In some ways, the current wave of AI products is good, because it means that more people, including marketers, have become aware of what AI has the potential to do as well as its possible limitations. As more advanced forms of AI become market-ready, deep learning will be at the forefront of any of those conversations, and marketers will begin to understand the value of using deep learning to buy media and create audiences to advertise against, becoming better equipped to lead their businesses to success in 2018 and beyond.

  1. Mobile ad networks will be forced to become more transparent.

Before programmatic became a mainstay of digital advertising, ad networks performed an important function as an intermediary between digital advertisers and publishers. They could help publishers find buyers for their inventory, and they could put inventory from multiple publishers together to make it easier for advertisers to buy. Because most inventory came from smaller publishers, it cost less, and was a cost-effective value proposition for most advertisers.

The rise of programmatic, however, created a way for advertisers to directly buy from any publisher with added transparency into pricing and websites.  Suddenly, ad networks had to deliver more value than just inventory aggregation.  This transition took place in the traditional digital display world years ago but has yet to take place in mobile advertising.  2018 will be the year where mobile ad networks will have to prove their added costs or face the reality that mobile advertisers have begun to use programmatic for user acquisition and retention campaigns.

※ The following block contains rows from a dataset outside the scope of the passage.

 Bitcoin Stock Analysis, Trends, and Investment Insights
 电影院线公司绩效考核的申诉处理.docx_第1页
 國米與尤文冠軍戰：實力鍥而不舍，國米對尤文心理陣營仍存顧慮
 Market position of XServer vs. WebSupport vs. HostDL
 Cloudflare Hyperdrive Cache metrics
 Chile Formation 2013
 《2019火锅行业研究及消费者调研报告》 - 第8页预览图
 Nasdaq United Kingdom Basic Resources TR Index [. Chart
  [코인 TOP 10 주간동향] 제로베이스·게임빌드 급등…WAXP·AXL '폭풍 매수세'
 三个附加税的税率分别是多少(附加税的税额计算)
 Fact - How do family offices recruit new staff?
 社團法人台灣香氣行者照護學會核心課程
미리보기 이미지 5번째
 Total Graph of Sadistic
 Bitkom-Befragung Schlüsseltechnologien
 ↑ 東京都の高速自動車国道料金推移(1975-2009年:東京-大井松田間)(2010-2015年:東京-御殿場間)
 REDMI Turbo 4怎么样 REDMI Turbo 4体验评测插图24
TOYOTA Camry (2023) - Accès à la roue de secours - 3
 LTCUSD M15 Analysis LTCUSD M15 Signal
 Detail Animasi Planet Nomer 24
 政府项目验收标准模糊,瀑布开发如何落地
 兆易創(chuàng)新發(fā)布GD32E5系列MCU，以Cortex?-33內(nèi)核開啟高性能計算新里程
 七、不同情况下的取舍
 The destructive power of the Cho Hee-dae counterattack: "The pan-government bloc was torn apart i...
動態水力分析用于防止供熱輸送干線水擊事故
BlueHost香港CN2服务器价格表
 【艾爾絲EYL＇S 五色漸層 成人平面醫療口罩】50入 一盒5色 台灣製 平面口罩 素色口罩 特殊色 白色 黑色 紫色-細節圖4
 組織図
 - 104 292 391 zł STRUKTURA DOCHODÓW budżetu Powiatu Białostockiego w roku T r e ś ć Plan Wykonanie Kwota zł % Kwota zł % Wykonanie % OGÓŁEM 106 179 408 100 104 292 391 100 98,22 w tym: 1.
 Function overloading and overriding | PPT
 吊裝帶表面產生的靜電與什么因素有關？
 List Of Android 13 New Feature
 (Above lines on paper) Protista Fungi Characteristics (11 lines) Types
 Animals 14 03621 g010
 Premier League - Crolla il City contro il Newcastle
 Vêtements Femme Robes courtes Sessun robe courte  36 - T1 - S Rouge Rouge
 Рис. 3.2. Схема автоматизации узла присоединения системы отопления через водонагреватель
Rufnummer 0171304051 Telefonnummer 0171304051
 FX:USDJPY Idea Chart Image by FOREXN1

  1. Header bidding will become a problem on the agency side, so its use will diminish.

This relates in some ways to the general theme of greater transparency in the digital advertising markets. Header bidding code allows a publisher to offer the same impression in multiple exchanges at the same time, ultimately leading to the impression being sold for a higher price than if a single exchange was used. This means advertisers are bidding multiple times on the same inventory and, because of the nature of programmatic, they are likely paying more.  Originally, header bidding was meant to allow advertisers to compete programmatically for all of a publisher’s inventory, instead of just the unsold “dregs” that were left over after directly sold insertion orders had been fulfilled.  The technology, however, is now being used to offer the same impression through multiple exchanges to the same DSP.  This has driven DSP costs up because of the skyrocketing number of “duplicate” bid requests being received from multiple exchanges and has given rise to an entirely new ad tech industry of trying to sift through these duplicate impression requests.

A much more elegant, and likely solution in 2018, will be that advertisers through their agencies will require the use of the ads.txt standard.  This file is meant to be made available by every publisher wishing to sell their inventory programmatically.  It lists the exchanges their inventory is available in.  Ads.txt was created to stop a flagrant type of fraud where websites list themselves inaccurately as more valuable websites, but Ads.txt can also be a great tool to cut down on duplicate impressions.  A publisher has the right to sell its inventory any way it chooses, and different exchanges may have different strengths for different types of inventory,  so I do not predict (or advise) that advertisers will require pubs use only one exchange.  In the end though, I predict that header bidding as it is used today is on its way out.  The costs are too high for DSPs and advertisers will realize they are bidding on the same exact impression and ultimately paying a higher price.  I’ve never met an advertiser that liked that.

If there’s any overarching theme here, it’s the idea that marketers and advertisers are constantly getting more savvy about the tools they’re using, whether it’s AI, ad networks, or ad exchanges.  They will begin asking tough questions and demanding accountability in 2018 in new ways that will, as always, lead to big changes in the advertising ecosystem.